Önemli olan nereye düştüğün değil, nereye takıldığındır. Bu ekonomik ise, çözümü oldukça güçtür. Birilerinin gelip, seni eski günlerine döndürmesini beklemek işin en acı tarafıdır.
Sen kara kara düşünürken, gülerek izleyenler ne der bilir misin? “Geçti Bor’un pazarı sür eşeğini Niğde’ye…”
“Türk Spor Tarihi”nde bunun pek çok örneklerini görmek olası.
Dün olduğu gibi bugün de aynı durumun gözler önünde olduğu gerçeği “geçmişten ders almak”tan kaçınan bir toplum olduğumuzun en güzel göstergesidir.
“Benden sonrası tufan” sözü burada ne kadar doğru olacak bilemiyorum. Çünkü “Günü kurtarmak” veya “kendini tanıtmak” egosunun ön plana çıktığı dönemlerden kalan enkaz, her zaman görülen bir fotoğraf gibi gözümüzün önündedir.
Oturup ağlamak ve beklemek…
Oysa ne güzel bir sözdür “Ağlamayı bırak, ayağa kalk ve etrafına bak... Hayatta her zaman bir çıkış yolu vardır!”

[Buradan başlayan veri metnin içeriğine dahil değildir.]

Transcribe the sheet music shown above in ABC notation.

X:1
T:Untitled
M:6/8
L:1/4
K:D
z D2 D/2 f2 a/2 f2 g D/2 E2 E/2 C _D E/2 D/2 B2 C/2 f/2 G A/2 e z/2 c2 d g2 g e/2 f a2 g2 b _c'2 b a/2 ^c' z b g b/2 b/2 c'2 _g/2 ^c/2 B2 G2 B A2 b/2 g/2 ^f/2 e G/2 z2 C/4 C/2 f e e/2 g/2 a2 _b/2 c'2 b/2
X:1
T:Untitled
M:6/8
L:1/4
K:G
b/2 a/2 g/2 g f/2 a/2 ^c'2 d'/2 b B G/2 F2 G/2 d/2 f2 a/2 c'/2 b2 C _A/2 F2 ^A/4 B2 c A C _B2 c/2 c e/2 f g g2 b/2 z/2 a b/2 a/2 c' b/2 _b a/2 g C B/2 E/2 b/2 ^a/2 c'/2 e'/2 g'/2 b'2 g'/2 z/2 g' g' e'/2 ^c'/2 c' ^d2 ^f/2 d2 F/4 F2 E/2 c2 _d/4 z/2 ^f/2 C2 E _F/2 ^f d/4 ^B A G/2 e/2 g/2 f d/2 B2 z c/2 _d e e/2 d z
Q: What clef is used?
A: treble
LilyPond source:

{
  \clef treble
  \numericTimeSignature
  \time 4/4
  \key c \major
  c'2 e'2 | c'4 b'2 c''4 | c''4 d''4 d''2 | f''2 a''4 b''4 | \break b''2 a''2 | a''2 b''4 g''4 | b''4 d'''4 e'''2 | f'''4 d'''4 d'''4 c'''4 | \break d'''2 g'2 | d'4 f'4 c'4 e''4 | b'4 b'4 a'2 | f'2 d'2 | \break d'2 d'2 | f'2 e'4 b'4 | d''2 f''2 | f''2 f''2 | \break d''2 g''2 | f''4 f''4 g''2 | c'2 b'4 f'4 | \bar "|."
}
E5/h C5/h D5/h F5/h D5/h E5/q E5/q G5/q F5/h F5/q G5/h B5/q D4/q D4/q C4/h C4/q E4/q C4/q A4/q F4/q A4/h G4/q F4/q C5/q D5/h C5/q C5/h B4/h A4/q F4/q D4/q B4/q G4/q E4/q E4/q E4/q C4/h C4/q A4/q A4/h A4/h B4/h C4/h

Bunun için ne bir kanatsız melek, ne de efsane kahraman aramak gerekir…
Şöyle etrafınıza alıcı gözüyle bakın…
Bugün amatör spor kulüplerinde başkan ve yöneticilik yapanlar hem kanatsız melek, hem de isimsiz kahramandır…
Onların varlığı bile bu kulüplerin ayakta kalmasını sağlamaya yeter.
Günümüzde profesyonel liglerin en üstünden başlayıp, liglerde altta doğru giderken ekonominin ne denli yok olduğunu çıplak gözle görmek olasıdır. Özellikle sporumuzun en dibindeki amatörlere “Bize sporcu yetiştir” diye yalvar yakar olunması ise trajik komedidir!
Amatör spor kulüplerin sırtından geçinmeyi yeni yol olarak algılayan ve bunu kabul ettiren federasyonlar ile bağlı bulunduğu konfederasyonlar adeta “paran yoksa spor yapma” mantığıyla hareket etmeye başlaması da işin başka bir boyutudur. Özerk yapının geçmişteki zihniyeti bile aratır duruma gelmesi acı ama gerçektir!
Her dönem alınan lige katılım bedeli, kulüp vize ücreti, lisans çıkartırken, vize yaptırırken ödenen miktarlar, futboldaki mecburi aktarma bedelleri, spor kulüplerinin kanını emerken, adı geçen federasyon ve konfederasyonların “can simidi” durumuna gelmesi de acıdır!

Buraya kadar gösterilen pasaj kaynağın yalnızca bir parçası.